The death of a female patient in Germany last September, which was blamed on a ransomware attack, illustrated how cyber-security and health and safety issues can intersect, Walton said.
She noted that NZ's Health And Safety At Work Act (2015) makes directors and other company officers directly liable if they fail to exercise due diligence to ensure they know about risks, and put processes in place to minimise them.
The Financial Markets Authority recently raked NZX over the coals for under-resourced cyber defences, in a report that followed last year's series of DDoS attacks on the exchange.
And earlier this month, the Office of the Privacy Commissioner issued a Compliance Notice to the Reserve Bank, relating to its December 2020 data breach.
The OPC said the RBNZ had breached Principle 5 of the new Privacy Act, which states that organisations "must ensure there are safeguards in place that are reasonable in the circumstances to prevent loss, misuse or disclosure of personal information".

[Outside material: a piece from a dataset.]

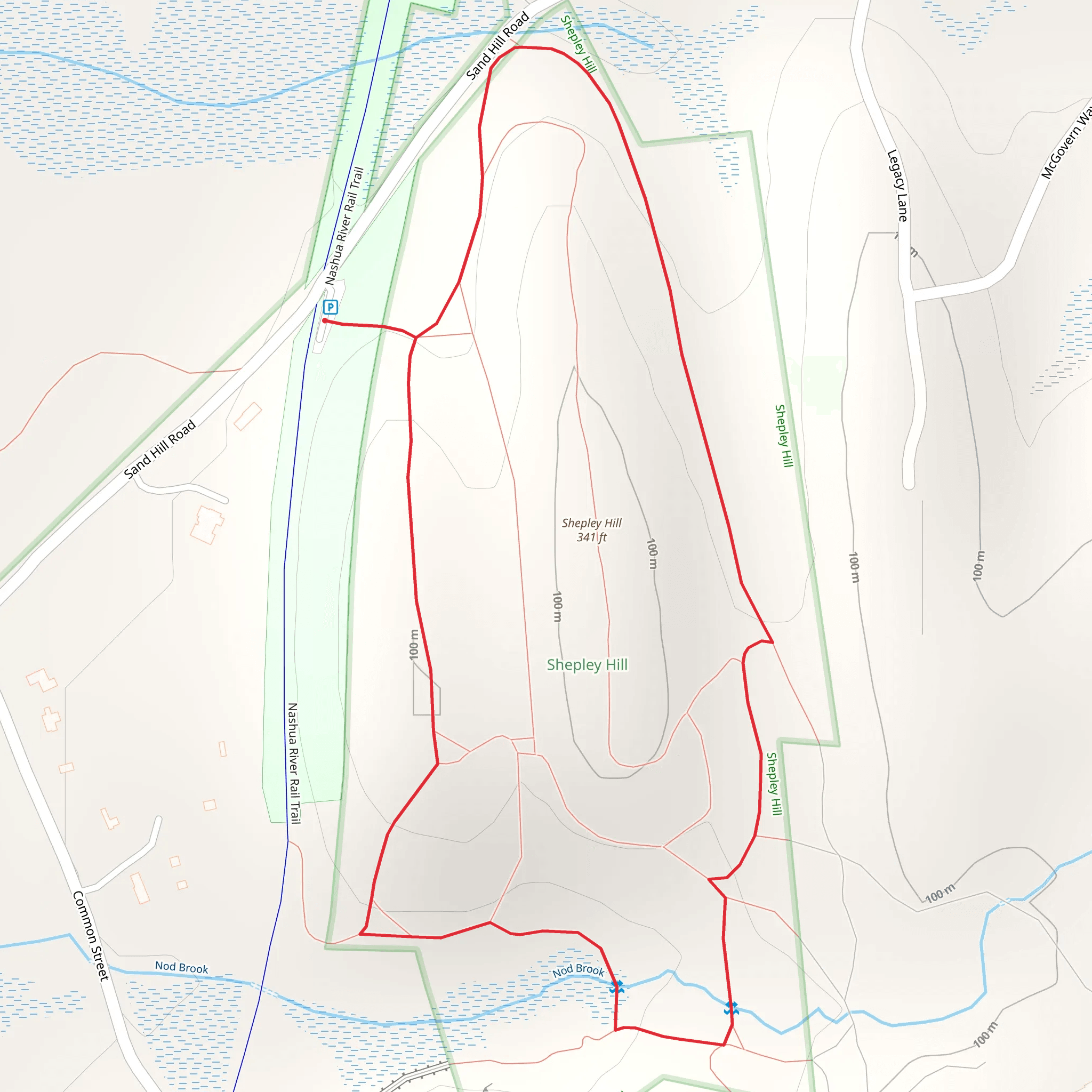 Shepley Steeplechase Trail mobile static map
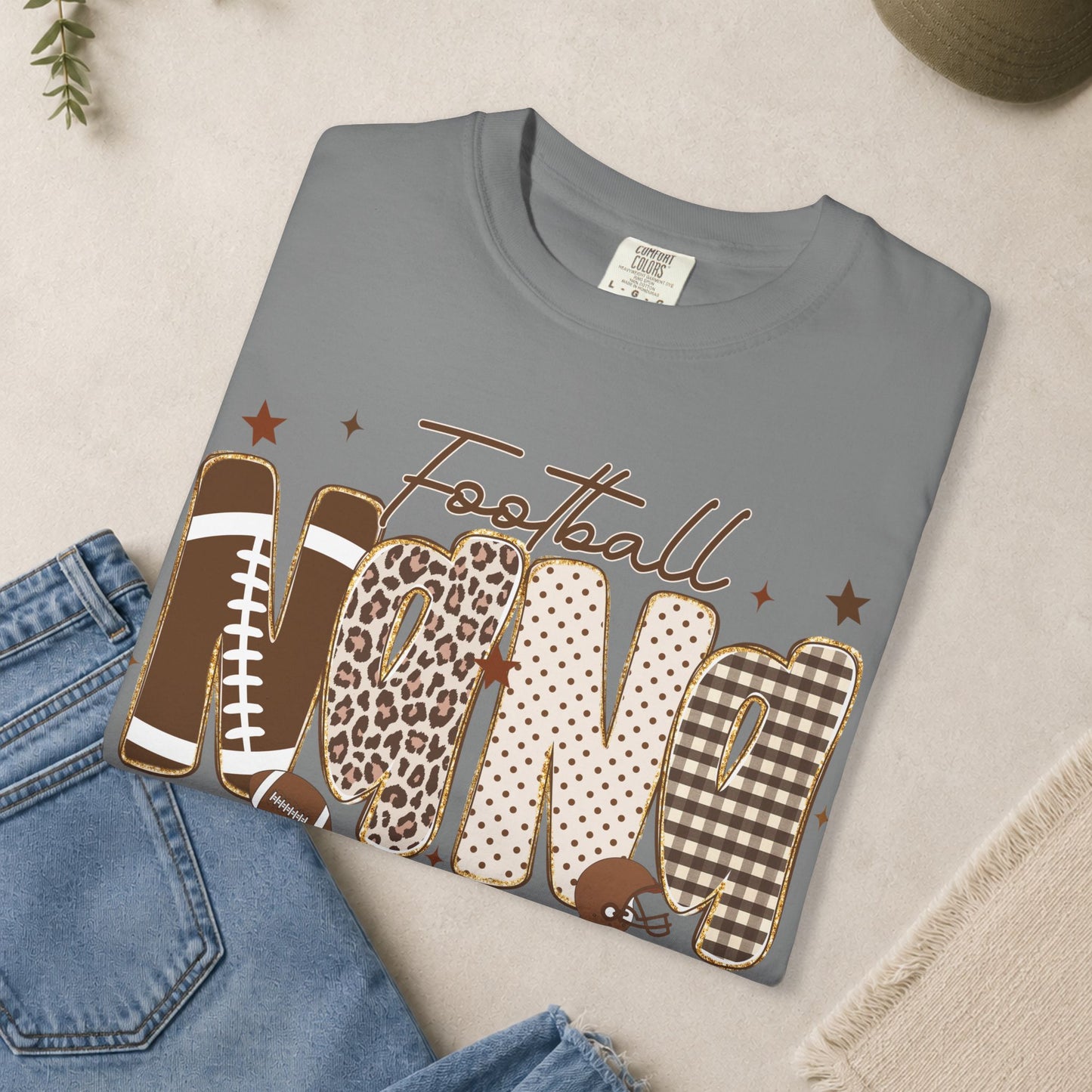 Football Nana T-shirt | Neutral Leopard Plaid Lettering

A spokesperson for the OPC said the Reserve Bank risked a $10,000 fine if it did not follow the measures outlined in the Compliance Notice.
However, Privacy Commissioner John Edwards indicated that was unlikely, given the RBNZ already had upgrades to its security technology and processes under way. Edwards said he was "pleased to see the positive way they've dealt with the aftermath of the attack".
Hermansson said there was one promising stat in EY's report. Some 42 per cent of organisations said they will be investing significantly in data and technology over the next 12 months.
"But only time will tell if this is enough," the EY partner added.